Step 1: Understand Macroeconomic Equilibrium

  • Definition: Macroeconomic equilibrium occurs when total output (GDP) equals total planned expenditure in an economy.

  • Components of Expenditure: In a closed economy, the main components are:

    • Consumption (C)
    • Investment (I)
  • Equilibrium Condition: The economy is in equilibrium when:

    [ Y = C + I ]

    where Y is the total output.

Step 2: Analyze the Role of Consumption

  • Factors Influencing Consumption:

    • Disposable income
    • Consumer confidence
    • Interest rates
  • Consumption Function: The relationship can be expressed as:

    [ C = a + bY_d ]

    where:

    • a = autonomous consumption (consumption when income is zero)
    • b = marginal propensity to consume (MPC)
    • (Y_d) = disposable income

Step 3: Examine Investment and Its Impact

  • Definition of Investment: Investment refers to expenditures on capital goods that will be used for future production.

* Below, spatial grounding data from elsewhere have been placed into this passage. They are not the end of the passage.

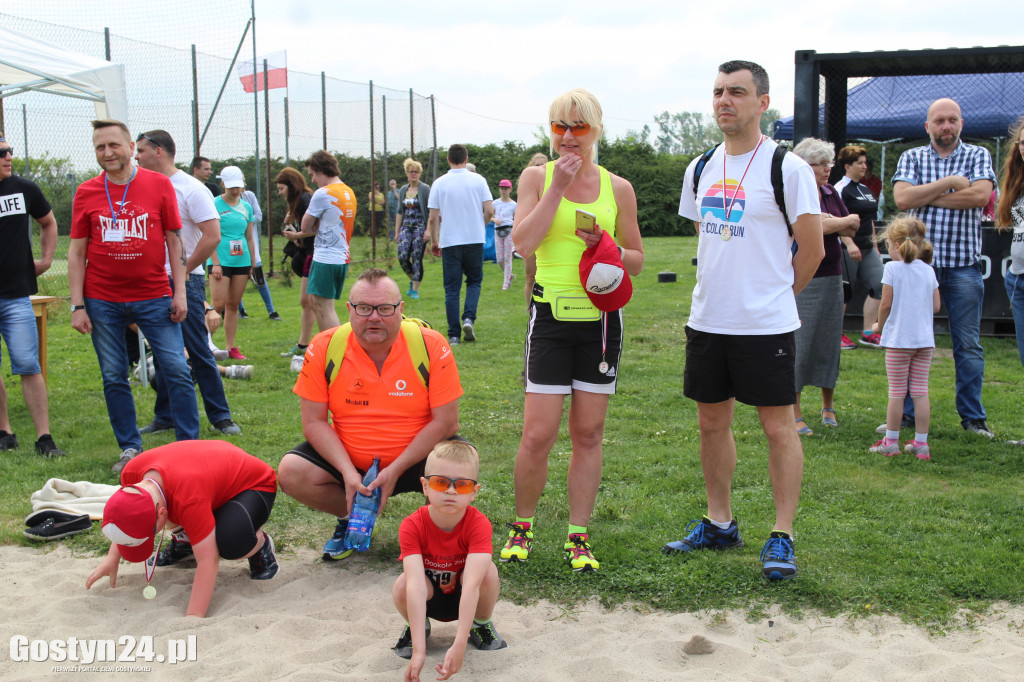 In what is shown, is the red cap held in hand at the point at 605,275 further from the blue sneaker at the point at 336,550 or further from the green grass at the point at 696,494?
the blue sneaker at the point at 336,550

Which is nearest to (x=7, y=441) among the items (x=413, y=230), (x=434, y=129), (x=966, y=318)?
(x=966, y=318)

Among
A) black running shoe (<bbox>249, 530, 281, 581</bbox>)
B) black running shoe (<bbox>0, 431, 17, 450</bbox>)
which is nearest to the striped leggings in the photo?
black running shoe (<bbox>249, 530, 281, 581</bbox>)

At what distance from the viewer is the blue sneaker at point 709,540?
3.92 meters

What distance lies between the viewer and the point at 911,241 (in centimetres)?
549

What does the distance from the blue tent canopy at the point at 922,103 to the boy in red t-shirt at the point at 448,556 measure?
32.9 ft

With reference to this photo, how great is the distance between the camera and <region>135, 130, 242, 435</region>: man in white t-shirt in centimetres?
584

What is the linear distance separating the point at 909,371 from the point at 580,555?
287cm

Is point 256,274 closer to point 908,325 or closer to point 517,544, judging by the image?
point 517,544

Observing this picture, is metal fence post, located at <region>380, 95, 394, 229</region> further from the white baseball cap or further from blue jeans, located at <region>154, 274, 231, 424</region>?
blue jeans, located at <region>154, 274, 231, 424</region>

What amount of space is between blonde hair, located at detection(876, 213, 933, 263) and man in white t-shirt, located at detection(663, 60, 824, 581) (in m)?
2.21

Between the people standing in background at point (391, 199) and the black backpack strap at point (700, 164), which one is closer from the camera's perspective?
the black backpack strap at point (700, 164)

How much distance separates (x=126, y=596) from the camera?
11.9ft

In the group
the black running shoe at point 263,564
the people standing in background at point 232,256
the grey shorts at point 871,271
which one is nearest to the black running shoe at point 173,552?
the black running shoe at point 263,564

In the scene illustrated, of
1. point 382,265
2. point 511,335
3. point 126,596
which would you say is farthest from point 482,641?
point 382,265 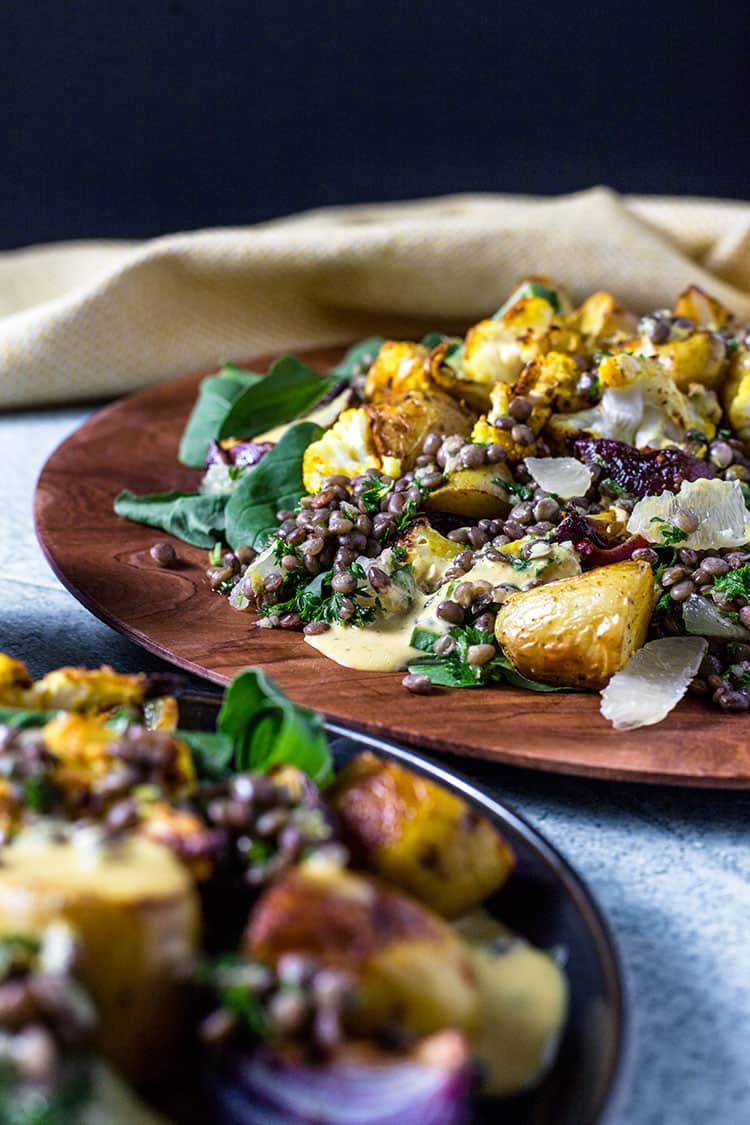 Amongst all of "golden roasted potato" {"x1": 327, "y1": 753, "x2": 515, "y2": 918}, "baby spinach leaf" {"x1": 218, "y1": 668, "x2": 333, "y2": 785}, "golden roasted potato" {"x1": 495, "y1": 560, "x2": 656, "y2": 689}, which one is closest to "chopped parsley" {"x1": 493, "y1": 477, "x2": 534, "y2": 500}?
"golden roasted potato" {"x1": 495, "y1": 560, "x2": 656, "y2": 689}

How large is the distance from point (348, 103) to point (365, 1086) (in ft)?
19.2

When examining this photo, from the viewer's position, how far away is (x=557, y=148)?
6387 millimetres

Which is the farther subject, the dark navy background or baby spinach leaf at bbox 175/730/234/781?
the dark navy background

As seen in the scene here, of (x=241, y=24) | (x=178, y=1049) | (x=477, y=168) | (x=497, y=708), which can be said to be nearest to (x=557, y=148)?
(x=477, y=168)

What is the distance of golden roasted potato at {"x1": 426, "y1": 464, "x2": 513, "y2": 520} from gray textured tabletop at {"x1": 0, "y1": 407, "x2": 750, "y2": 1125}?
640 millimetres

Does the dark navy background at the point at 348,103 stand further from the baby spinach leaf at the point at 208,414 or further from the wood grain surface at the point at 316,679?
the wood grain surface at the point at 316,679

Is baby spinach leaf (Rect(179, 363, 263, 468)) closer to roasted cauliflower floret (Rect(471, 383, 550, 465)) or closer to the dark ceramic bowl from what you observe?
roasted cauliflower floret (Rect(471, 383, 550, 465))

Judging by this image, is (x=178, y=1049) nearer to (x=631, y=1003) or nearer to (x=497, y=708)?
(x=631, y=1003)

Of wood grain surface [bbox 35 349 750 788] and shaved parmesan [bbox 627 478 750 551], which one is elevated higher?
shaved parmesan [bbox 627 478 750 551]

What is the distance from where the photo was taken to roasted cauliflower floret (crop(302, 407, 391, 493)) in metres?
2.88

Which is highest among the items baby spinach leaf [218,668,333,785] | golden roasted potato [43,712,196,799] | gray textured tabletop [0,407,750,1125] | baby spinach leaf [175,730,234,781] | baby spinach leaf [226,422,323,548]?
golden roasted potato [43,712,196,799]

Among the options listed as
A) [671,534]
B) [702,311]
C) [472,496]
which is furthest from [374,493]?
[702,311]

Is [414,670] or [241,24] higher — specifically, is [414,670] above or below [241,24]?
below

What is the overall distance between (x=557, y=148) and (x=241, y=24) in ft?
5.07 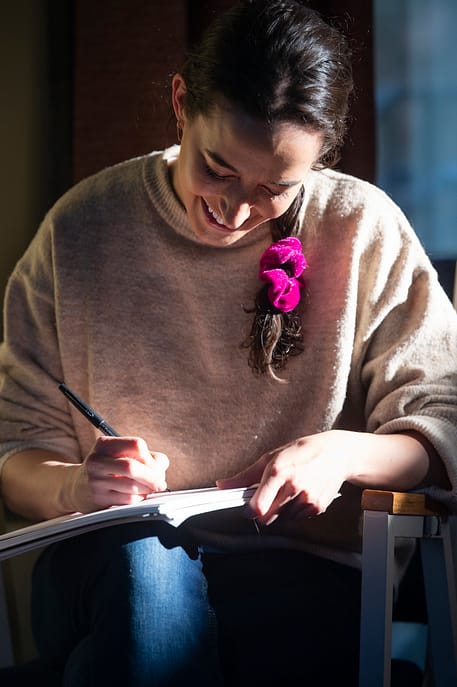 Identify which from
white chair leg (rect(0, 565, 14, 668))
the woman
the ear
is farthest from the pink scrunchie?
white chair leg (rect(0, 565, 14, 668))

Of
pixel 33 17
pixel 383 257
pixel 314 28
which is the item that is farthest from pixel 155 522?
pixel 33 17

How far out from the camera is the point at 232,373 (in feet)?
→ 4.22

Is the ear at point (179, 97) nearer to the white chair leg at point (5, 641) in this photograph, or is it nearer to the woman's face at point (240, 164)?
the woman's face at point (240, 164)

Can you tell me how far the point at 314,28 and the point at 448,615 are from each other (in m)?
0.70

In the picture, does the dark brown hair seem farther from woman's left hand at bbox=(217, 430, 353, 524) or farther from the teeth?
woman's left hand at bbox=(217, 430, 353, 524)

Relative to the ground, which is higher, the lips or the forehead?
the forehead

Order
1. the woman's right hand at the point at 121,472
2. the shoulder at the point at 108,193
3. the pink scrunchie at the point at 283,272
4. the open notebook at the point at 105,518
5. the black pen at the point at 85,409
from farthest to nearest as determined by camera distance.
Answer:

  • Investment Multiplier: The multiplier effect demonstrates how an initial change in spending can lead to a larger change in overall economic output.

  • Multiplier Formula: The investment multiplier is calculated as:

    [ k = \frac{1}{1 - MPC} ]

    where k is the multiplier and MPC is the marginal propensity to consume.

Step 4: Calculate the Equilibrium Output

  • Determining Equilibrium Output:

    • Substitute the consumption function into the equilibrium condition.
    • Rearrange the equation to solve for Y:

    [ Y = a + bY_d + I ]

  • Example Calculation:

    • If (a = 100), (b = 0.8), and (I = 50):
    • Assume (Y_d = Y) (in equilibrium).
    • Solve for Y:

    [ Y = 100 + 0.8Y + 50 ] [ 0.2Y = 150 \implies Y = 750 ]

Step 5: Identify Common Pitfalls

  • Overlooking External Factors: Make sure to consider how external shocks (like changes in consumer confidence or interest rates) can affect equilibrium.
  • Ignoring the Role of Savings: Remember that savings can also impact consumption and investment, thus altering your calculations.

Conclusion

In this tutorial, we explored the foundations of macroeconomic equilibrium in a closed economy without a public sector. Key takeaways include understanding the relationship between consumption and investment, calculating equilibrium output, and recognizing the significance of the investment multiplier. For further study, consider examining how these principles apply in real-world economic scenarios or in the context of open economies that include international trade.